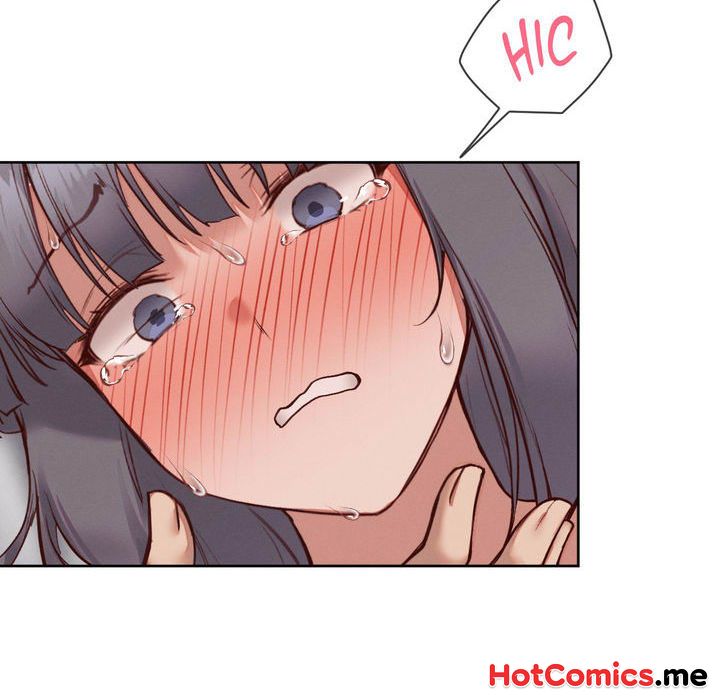Gacha Girl Next Door - UNCENSORED - episode 42 - 63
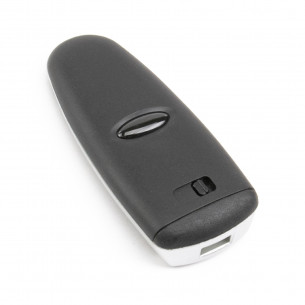 Remote Car Key 315Mhz With 4 Buttons for Ford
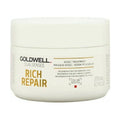 Goldwell DualSenses Rich Repair 60sec Treatment 200 ml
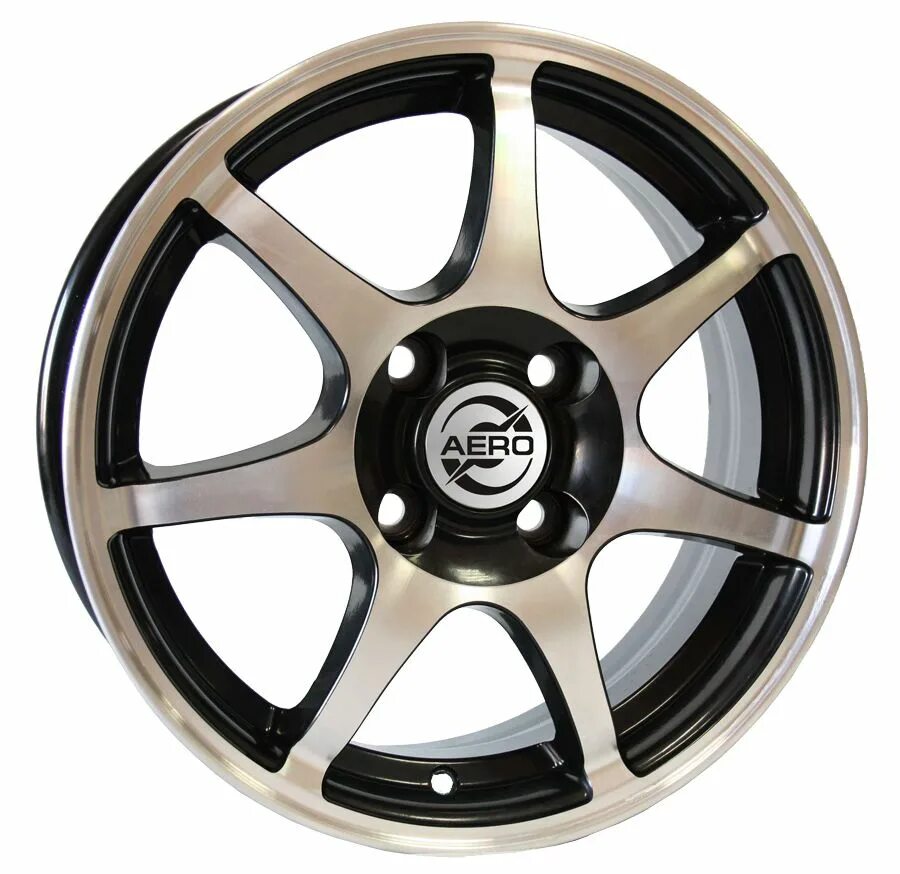 6 et32 bfp. 1 et35 bfp. Диски chevrolet lacetti r15 gm. Колесный диск ijitsu slk0258 6. 1 et50 gmfp.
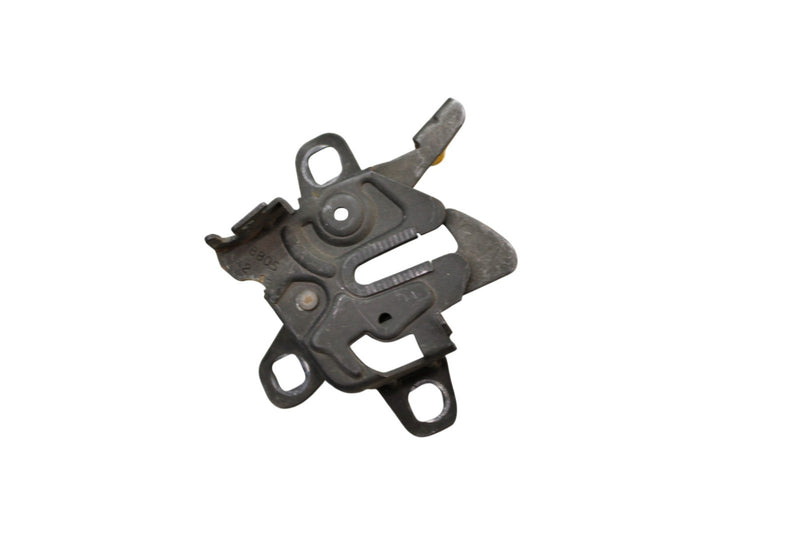 Load image into Gallery viewer, 14-24 Maserati Ghibli M157 Front Hood Bonnet Latch Lock Lever 670152939 Oem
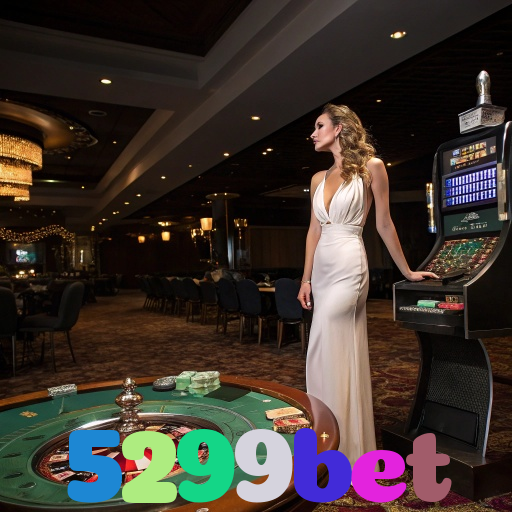 5299bet - Baixe o App 5299bet para Android e Comece a Jogar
::::::
TASK GOAL ::
Make an exact copy of the records, pictures excluded.

SOLUTION TO THE PROBLEM ::
Gacha Girl Next Door - UNCENSORED - episode 42 - 63
 Remote Car Key 315Mhz With 4 Buttons for Ford
 Goldwell DualSenses Rich Repair 60sec Treatment 200 ml
 6 et32 bfp. 1 et35 bfp. Диски chevrolet lacetti r15 gm. Колесный диск ijitsu slk0258 6. 1 et50 gmfp.
 Load image into Gallery viewer, 14-24 Maserati Ghibli M157 Front Hood Bonnet Latch Lock Lever 670152939 Oem
 5299bet - Baixe o App 5299bet para Android e Comece a Jogar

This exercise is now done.